Laser doppler imaging, which converts light into sound signals, is being tested in a different investigation by Dogan. By oscillating, cells in breast tissue are exposed to laser light, which generates sound waves that are recorded and analyzed. Since cancer cells typically require more oxygen than healthy cells to continue growing, this approach is well suited to determining the oxygen levels in tumors. The difference between a tumor’s developing and non-growing areas can be determined by changes in sound waves. According to Dogan, “We can distinguish which tumors are most likely to metastasis to the lymph nodes and which are not just by imaging the tumor.” It is currently impossible for doctors to predict which malignancies will move to the lymph and which won’t. It might provide insight into how the tumor is going to behave.
Additionally, without the need for invasive biopsies or visual scans, artificial intelligence may be able to detect early indications of cancer cells that have spread to other bodily regions. Doctors may have a better chance of finding these fresh deposits of cancer cells if they concentrate on organs like the bones, liver, and lungs where cancer cells often spread.

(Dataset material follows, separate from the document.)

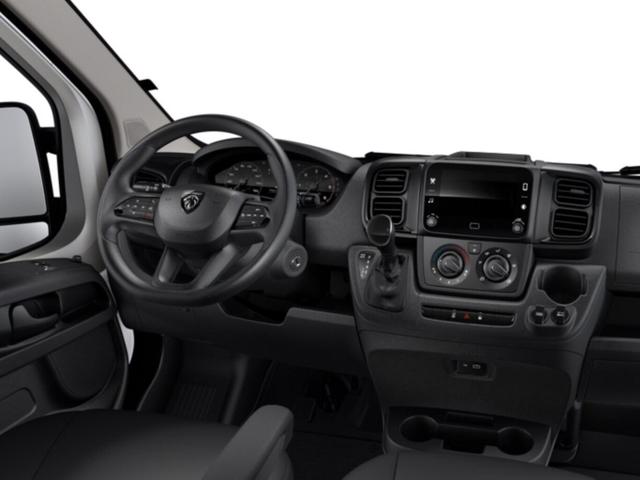 Peugeot Boxer 435 AT L3H3 AHK CarP CargoP VisibP Kam PDC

Recognizing unnoticed anomalies
According to Dreyer, these algorithms may even identify aberrations for any ailment that no human could find with enough data and photos. His team is also aiming to create an algorithm that monitors specific biomarkers in the human body, both anatomically and functionally, in order to detect changes that would indicate a person is at risk of suffering a stroke, fracture, heart attack, or other unfavorable occurrence. While it’s still a few years away, according to Dreyer, “those are the kinds of things that are going to be transformational in healthcare for artificial intelligence.” That is the holy grail of imaging.
It will require a ton of data from hundreds of thousands of patients to get there. The United States’ compartmentalized healthcare systems make it difficult to share such data, though. One option is federated learning, in which researchers create algorithms that are then applied to databases of anonymised patient data from other institutions. Institutions won’t have to risk their safe systems, and privacy is preserved.
The use of artificial intelligence (AI) based imaging may even begin to benefit patients at home if more of those models are validated, whether through federated learning or another method. People may someday be able to access imaging data using portable ultrasounds delivered via a smartphone app, for example, when self-testing and telehealth became more commonplace as a result of COVID-19.
The significant revolution in health care that will result from AI will be that it will provide many solutions to patients themselves, or before they become patients, so that they can stay healthy, according to Dreyer. Giving patients the knowledge and tools to make the best decisions for their health would probably be the most effective strategy to optimize imaging.
They analyze body scans for distinctions that even a human eye can overlook by utilizing the vast computational power of machines and artificial intelligence. The modifications involve altering how the body’s immune cells and cancer cells interact. Mammography and ultrasound, the two most often used breast cancer imaging methods, are intended to detect anatomical characteristics. Artificial intelligence may be able to detect early indications of cancer cells that have spread to other bodily regions.